Start of SUPPLIED ENTRIES
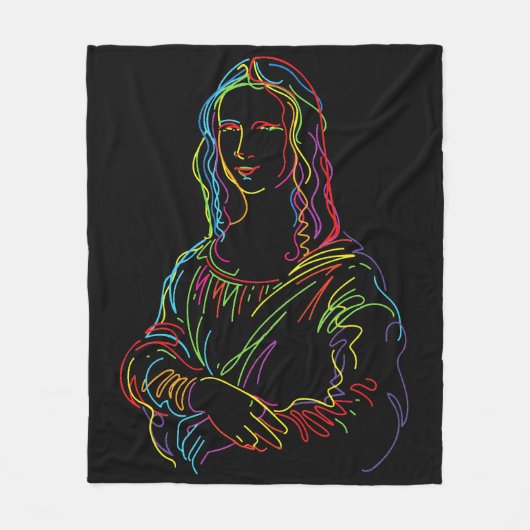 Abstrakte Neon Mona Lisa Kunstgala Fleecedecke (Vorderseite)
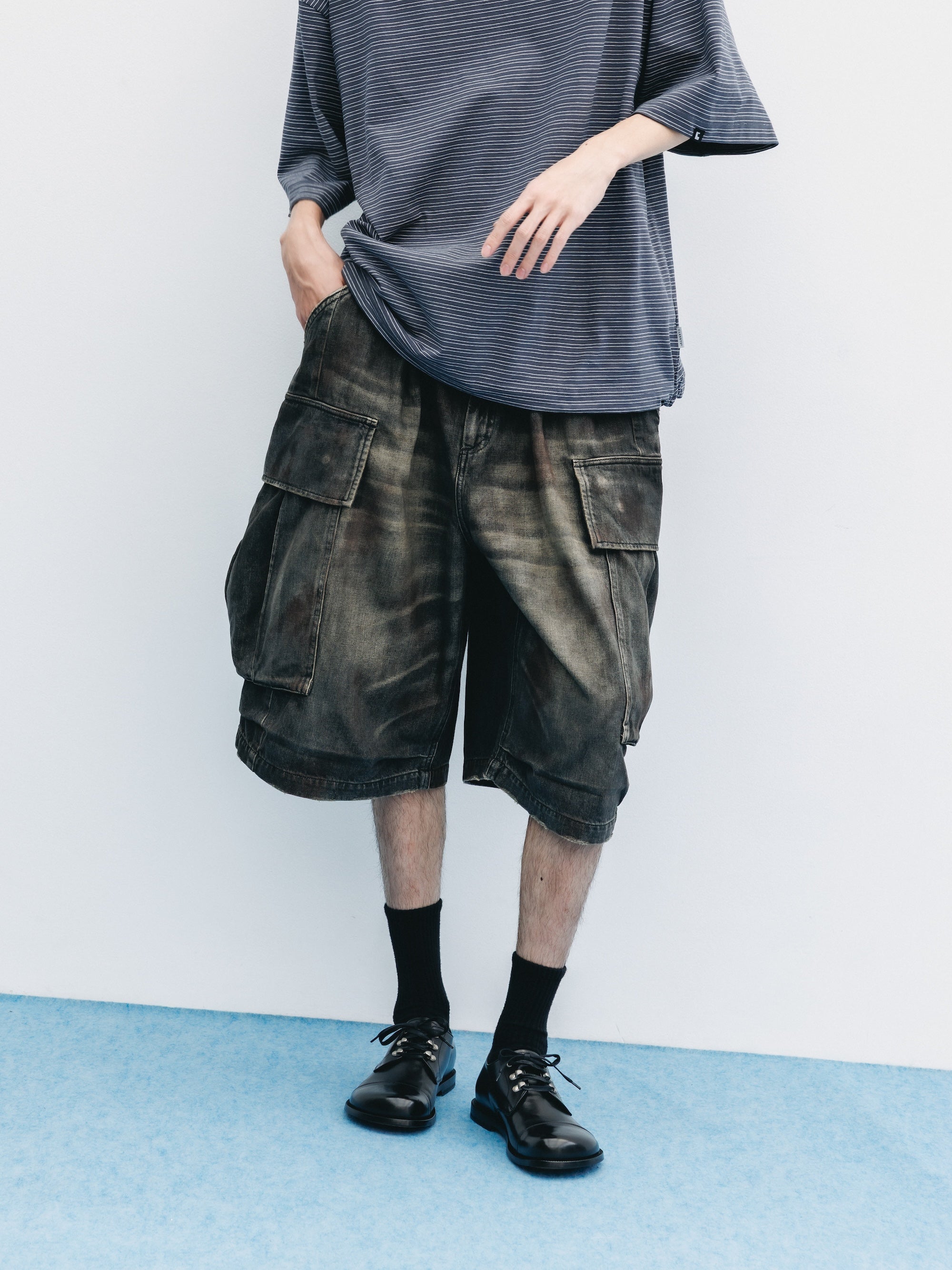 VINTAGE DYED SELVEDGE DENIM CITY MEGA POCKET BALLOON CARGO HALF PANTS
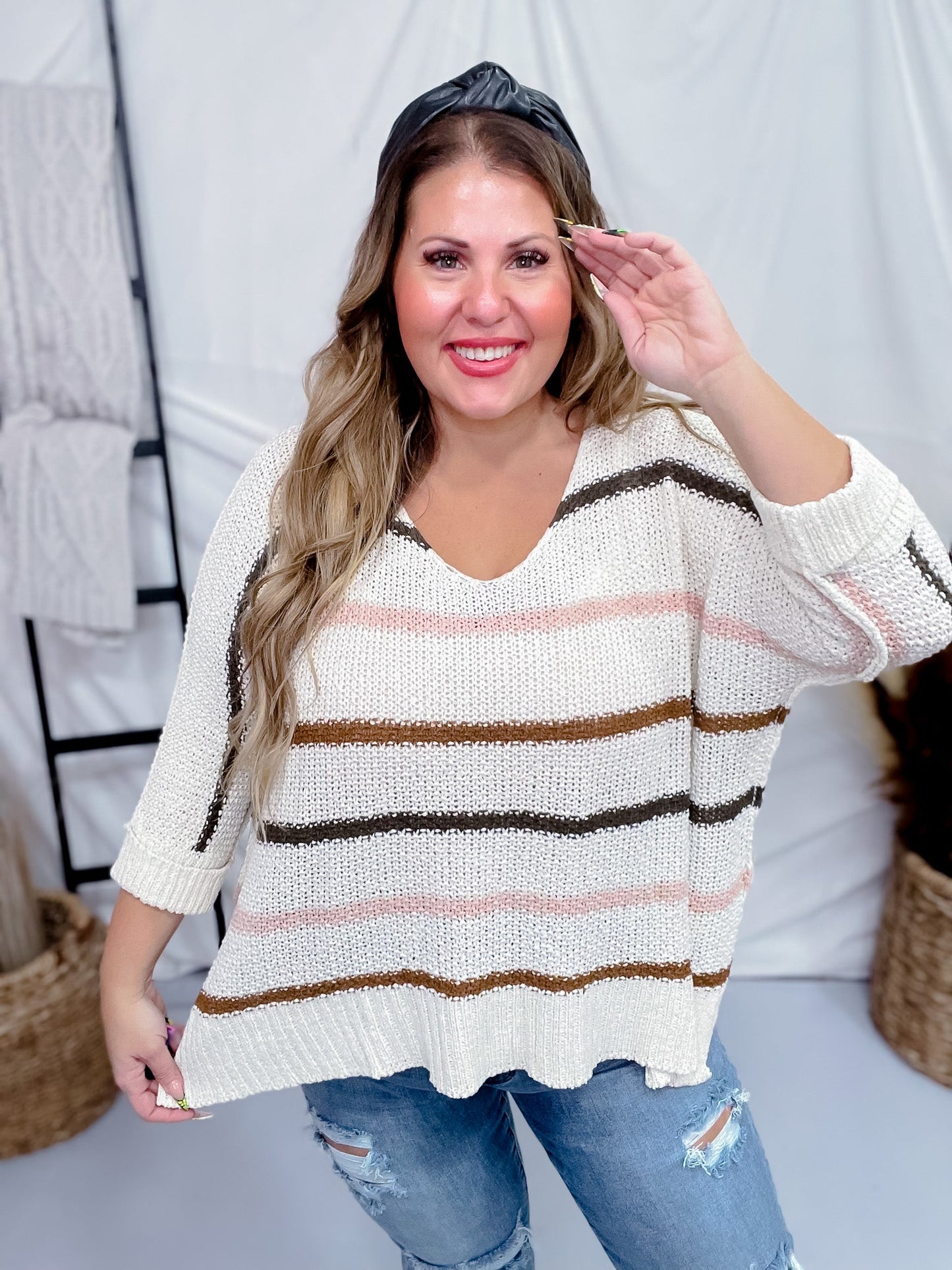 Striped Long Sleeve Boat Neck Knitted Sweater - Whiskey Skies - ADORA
End of SUPPLIED ENTRIES
Start of SUPPLIED ENTRIES
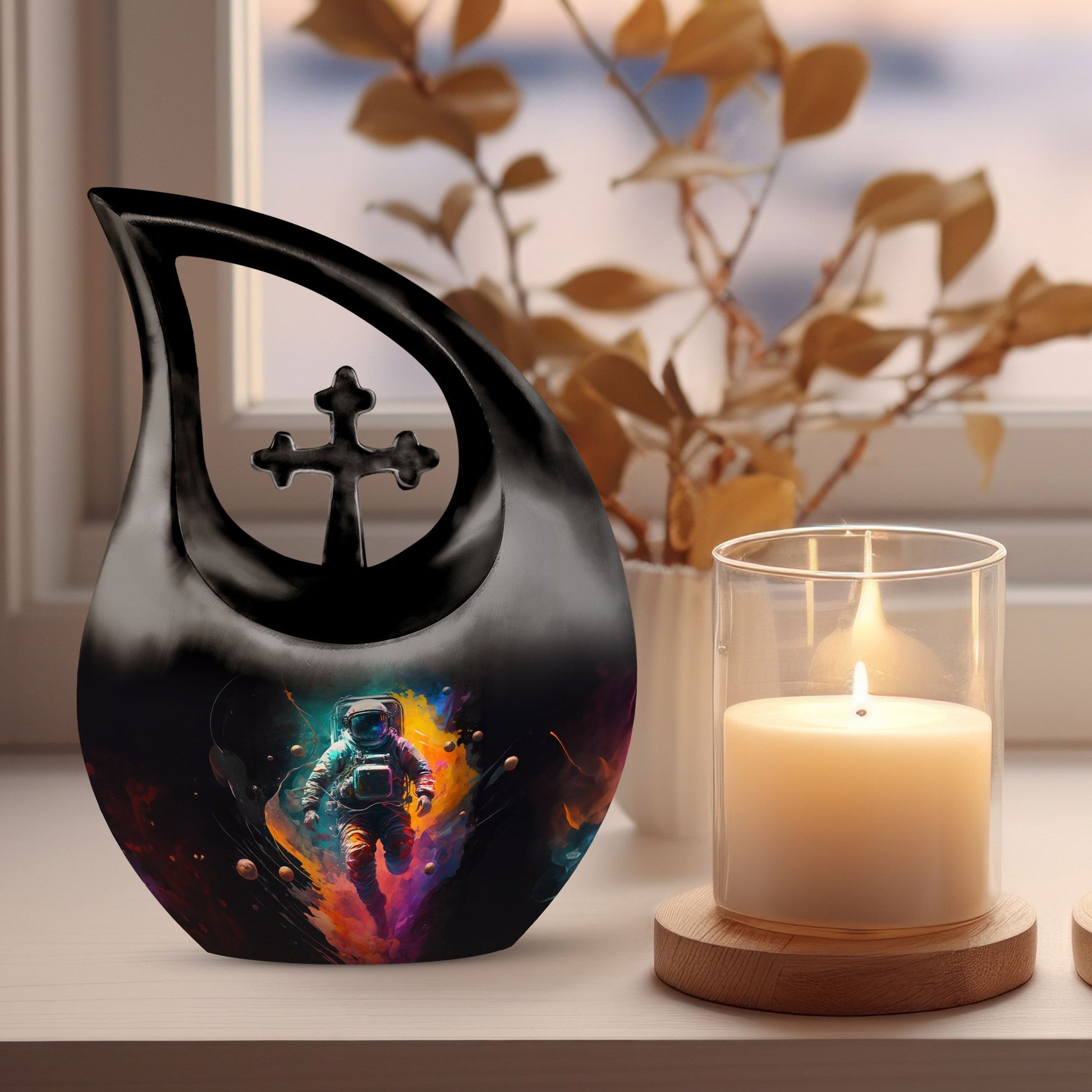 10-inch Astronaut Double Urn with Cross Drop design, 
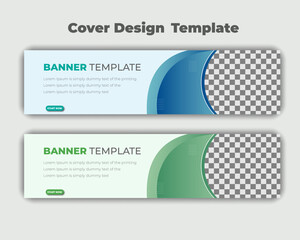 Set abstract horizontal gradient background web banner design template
End of SUPPLIED ENTRIES
Start of SUPPLIED ENTRIES
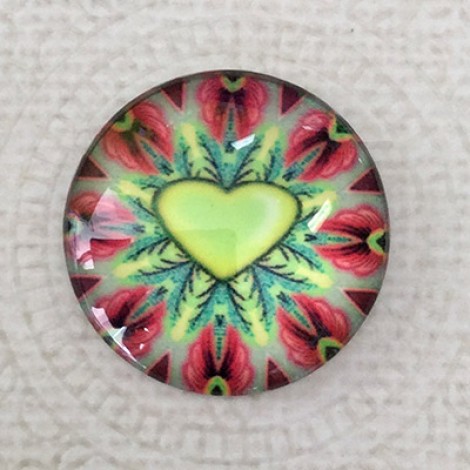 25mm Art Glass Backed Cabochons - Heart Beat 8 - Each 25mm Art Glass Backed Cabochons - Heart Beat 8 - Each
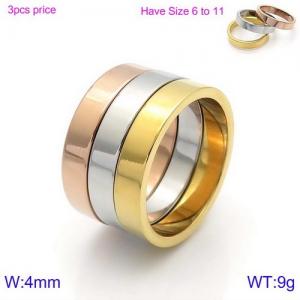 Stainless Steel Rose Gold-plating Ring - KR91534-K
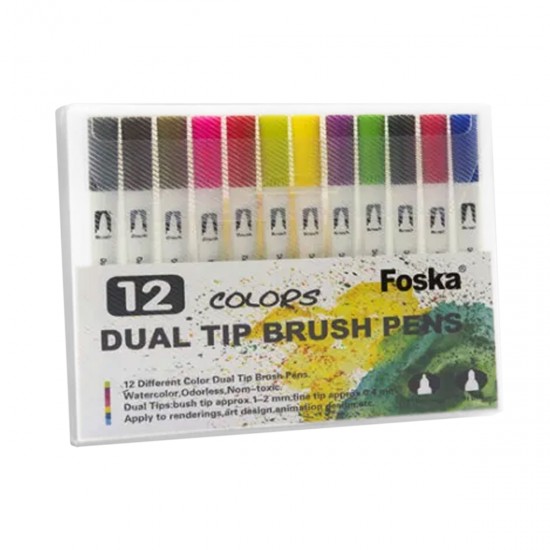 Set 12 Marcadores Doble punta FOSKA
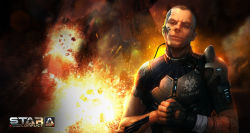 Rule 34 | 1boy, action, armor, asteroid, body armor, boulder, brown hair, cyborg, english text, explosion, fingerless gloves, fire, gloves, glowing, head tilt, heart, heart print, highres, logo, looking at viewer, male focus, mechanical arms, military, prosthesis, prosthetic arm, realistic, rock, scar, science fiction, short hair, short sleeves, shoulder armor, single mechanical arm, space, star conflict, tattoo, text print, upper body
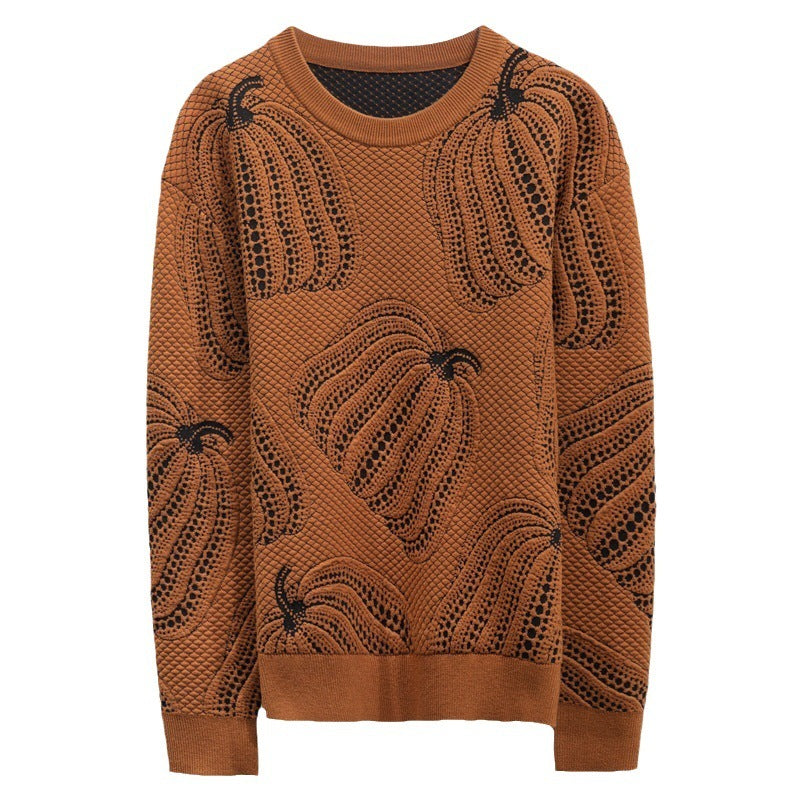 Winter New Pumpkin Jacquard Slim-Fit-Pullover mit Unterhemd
End of SUPPLIED ENTRIES
TASK TO CARRY OUT ▸ Using the entries above, extract exactly the lines from the one that contains "Abstrakte Neon Mona" through the one that contains "Striped Long Sleeve". Do not carry over any pictures.

RESPONSE TO THIS TASK ▸
 Abstrakte Neon Mona Lisa Kunstgala Fleecedecke (Vorderseite)
 VINTAGE DYED SELVEDGE DENIM CITY MEGA POCKET BALLOON CARGO HALF PANTS
 Striped Long Sleeve Boat Neck Knitted Sweater - Whiskey Skies - ADORA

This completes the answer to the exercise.